The base-model Explorer comes with an impressive range of safety features. All models are equipped with frontal collision mitigation. This system will automatically hit the brakes if its sensors detect that a collision is imminent. Additionally, base models come with blind spot warning, rear cross-traffic alert and lane-keeping assist. Parking sensors are optional, as well as a surround-view camera system.
In IIHS crash tests, the Explorer was named a Top Safety Pick+. The 2021 Explorer got a perfect five out five stars for overall crash protection in NHTSA tests.
With its potent engines and cavernous cargo capacity, the 2021 Explorer has what it takes to serve as a capable family hauler. Its three rows of seating make it a comfortable fit for families of all sizes. It’s also a good choice for anyone who wants a vehicle that can tow sizable loads.

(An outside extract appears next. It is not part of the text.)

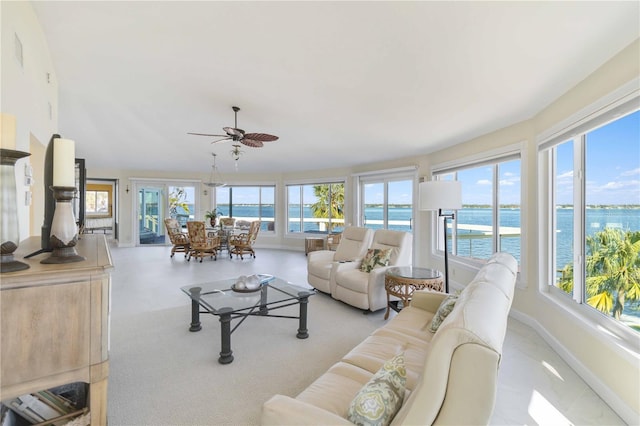 living room with a water view and ceiling fan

Active couples and empty nesters will also appreciate the Explorer for its carrying capacity and available AWD, as there’s room for bicycles, sporting equipment, and other gear inside, on top of, and towed behind, the Explorer.
Positioned between the Edge and Expedition in Ford’s SUV lineup, the Explorer stands out thanks to its muscular powerplants and expansive cargo capacity. This model’s trim selection is diverse enough meet the needs of a fairly broad range of buyers. It offers crossover drivers who want reasonably sporty performance an excellent option in the ST trim. And for heightened luxury, the Limited and Platinum trims have what it takes to coddle and pamper. Overall, the Explorer is a well-rounded crossover that’s big enough and brawny enough to satisfy buyers in this class.